The other truth is that we work harder on these trips than when we're at home. At home a 10 or 12 hour day is the exception. At the job site, it's the norm. We have a set list of things we need to try to get done and a finite window. The hours are longer....the days are harder. It's not fun. But it's necessary.

Do I enjoy it? It can be very physical. It can be tedious. But at the end of the day I know that I'm doing my part to help open up a new store.  I've said it before, but this company is the best career move I've ever made. And it's definitely the move that my soul needed. From that standpoint, I enjoy knowing that this new store in Queens is going to have a piece of me running through it.

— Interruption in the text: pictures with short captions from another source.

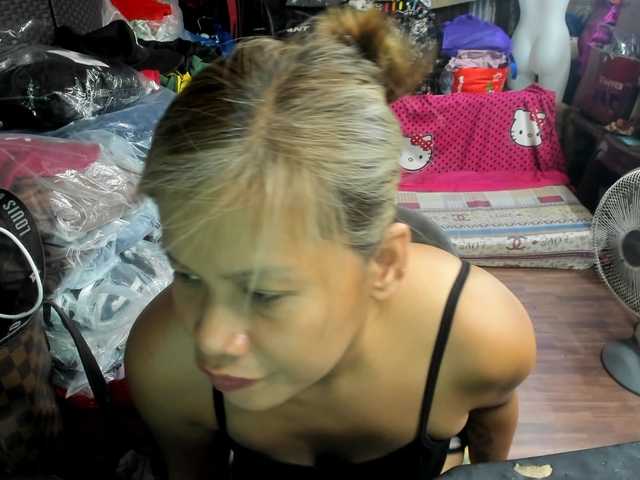 AthenaMoran live cam on BongaCams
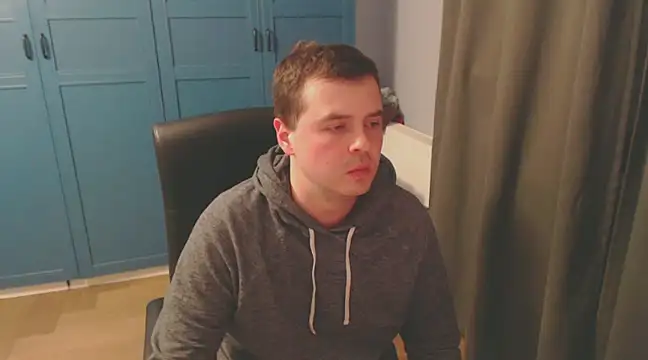 Snapshot of CuteMan33 chatting on 12-09-24, 08:23 CuteMan33 online show from 12-09-24, 08:23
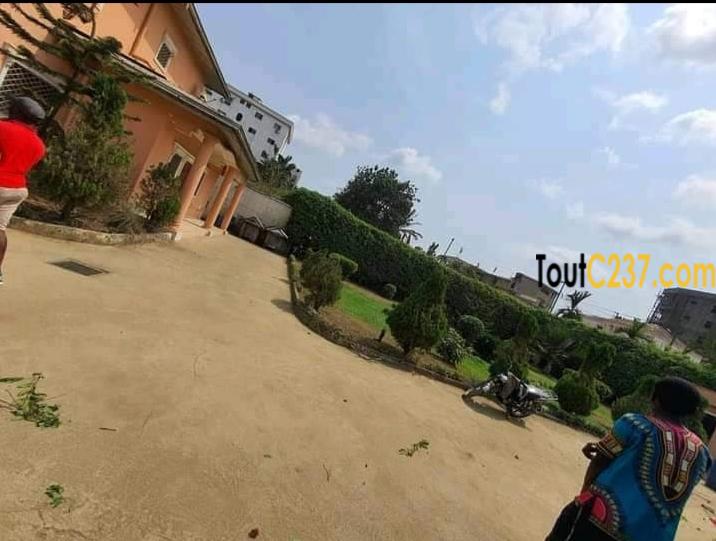 Duplex à louer à Logpom Douala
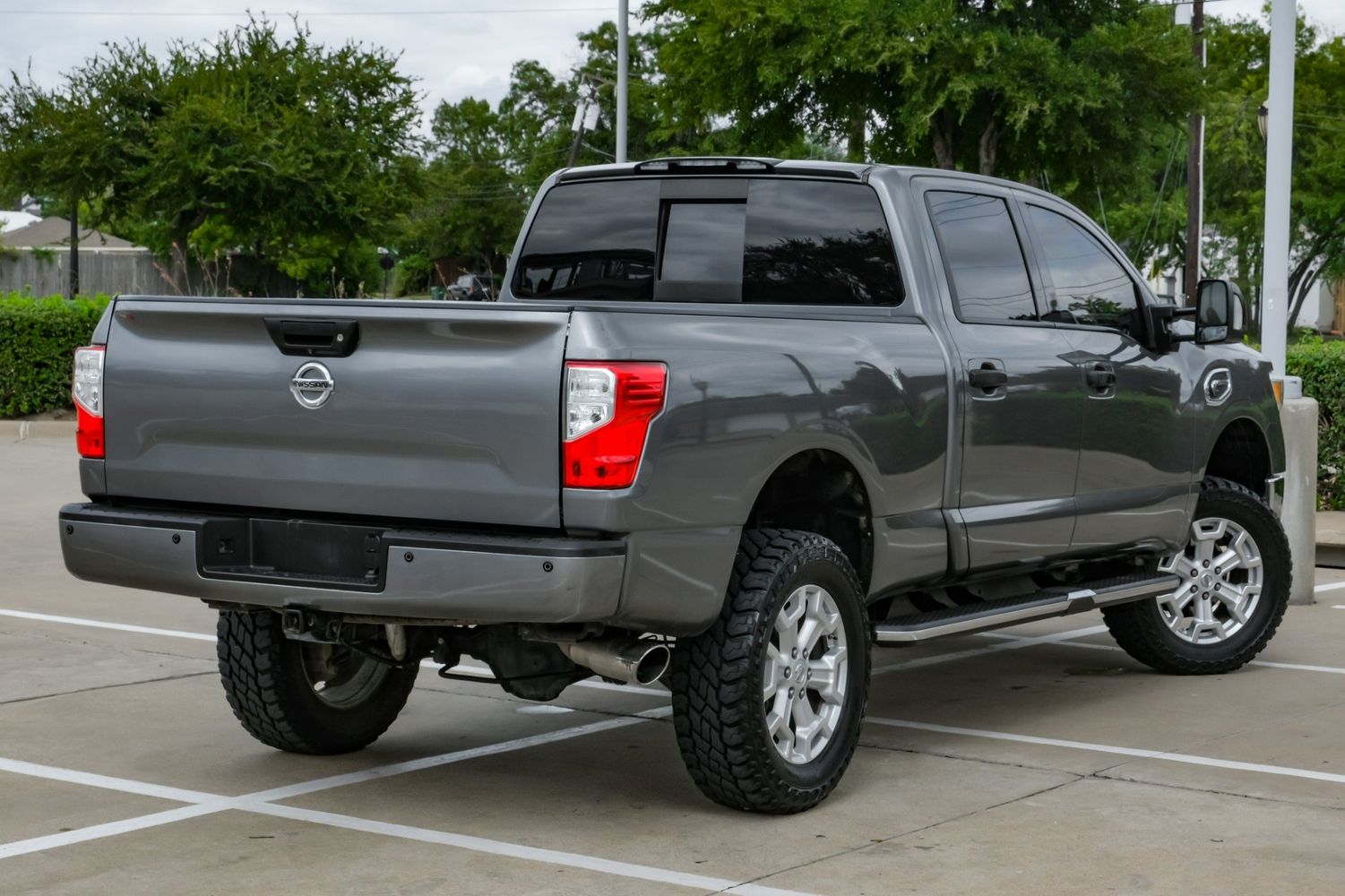 2017 Nissan Titan SL photo 9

So...did I have fun? No. I worked. But for me fun is more of a state of mind. I'm a fun person. So...even in the mix of tedium and bullshit and dodging forklifts and elevator delivery men...I am a fun person. So, there is fun to be had.

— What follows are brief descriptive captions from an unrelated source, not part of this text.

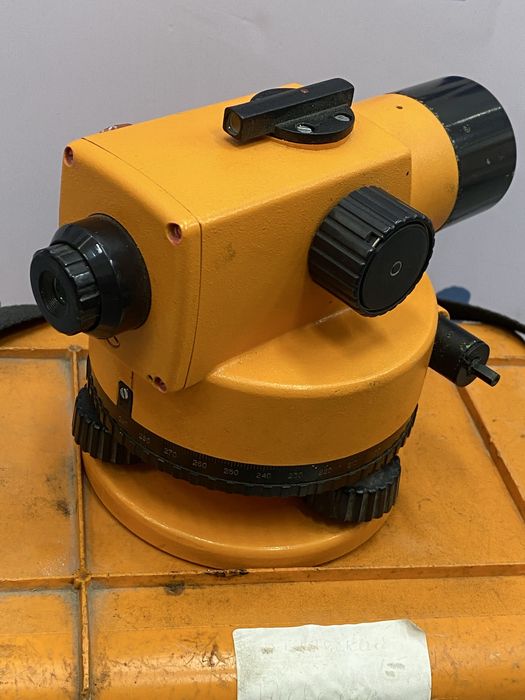 оптическим нивелиром Vega L30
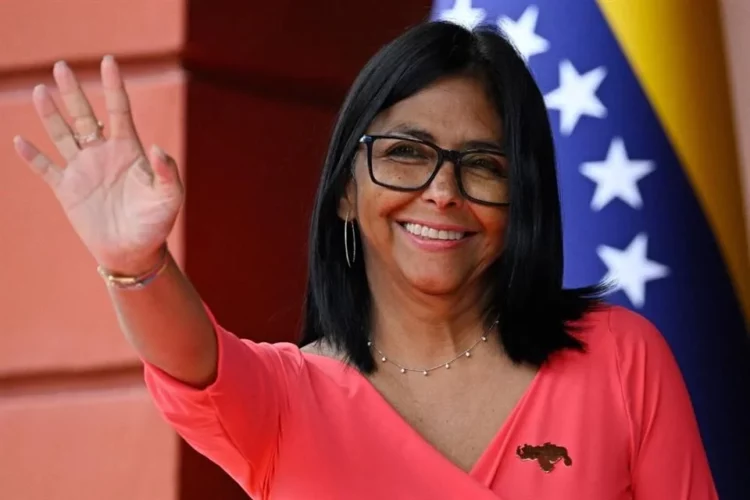 Oficializan ajuste de ingresos para trabajadores venezolanos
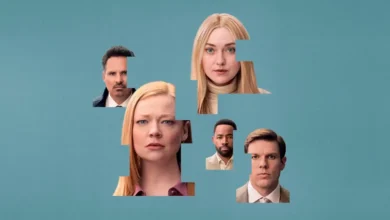 Arte promocional da minissérie "All Her Fault" da Sky Atlantic com Sarah Snook, Dakota Fanning, Michael Peña, Jay Ellis e Jake Lacy em retratos recortados sobre fundo azul acinzentado.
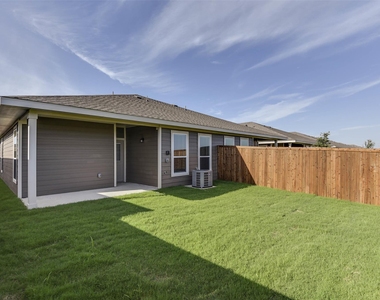 653 Blackland Drive - Photo Thumbnail 16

This trip is especially difficult because of the temps.  There's still no heat in the store. And the work we have to do is intricate work that needs un-gloved fingers. Yeah. It's not pretty. And there's something about 25 degree weather with a biting wind that sucks the energy right out. But we're hitting our objectives, so that's good.

I get so off-kilter when I travel like this, too. I wake up and am slightly disoriented. Not sure where I am. I refer to the hotel as 'home.' "Let's pack up the job box and head home." "Todd--we don't fly home until next week."  "Home. Hotel. You know what I mean."

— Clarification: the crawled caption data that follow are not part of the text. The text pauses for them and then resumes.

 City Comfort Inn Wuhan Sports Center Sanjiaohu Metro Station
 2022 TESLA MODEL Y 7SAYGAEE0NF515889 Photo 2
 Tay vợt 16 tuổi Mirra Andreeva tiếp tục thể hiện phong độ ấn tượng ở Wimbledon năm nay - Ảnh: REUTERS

It's just a weird shift. I think my brain has the uncanny ability to adapt and assimilate to new situations and it locks things off in corners of my brain where I don't often look in the light of day. For example--marriage. To me it seems like at least 2 years or more since I was that married guy.  I mean, it literally seems like it happened to a different person. Like a different person lived that life and I just knew his story because I read the book or saw the movie or something. But in reality--it's only been 9 months since we separated and 20 days since the dissolution was final. And yet, the emotions that I feel about that time in my life are distant. They are the same sympathetic emotions I feel when I really buy in to a character in a movie. If I really identify with that character, I feel the things that the movie tells me they're feeling.  But at the end of the movie, I'm done with it.

Looking back on the 2nd marriage is like that. It would appear I'm just done with it.

And there's a weird one, huh? 2nd marriage. Yeah. Look...if we're picking out 'Friends' characters, I always saw myself as a mix of Chandler (Ms. Chanandler Bong) and Phoebe with a dash of Joey thrown in for good measure. Now it seems I'm one pseudo-marriage and dino-degree away from being Ross.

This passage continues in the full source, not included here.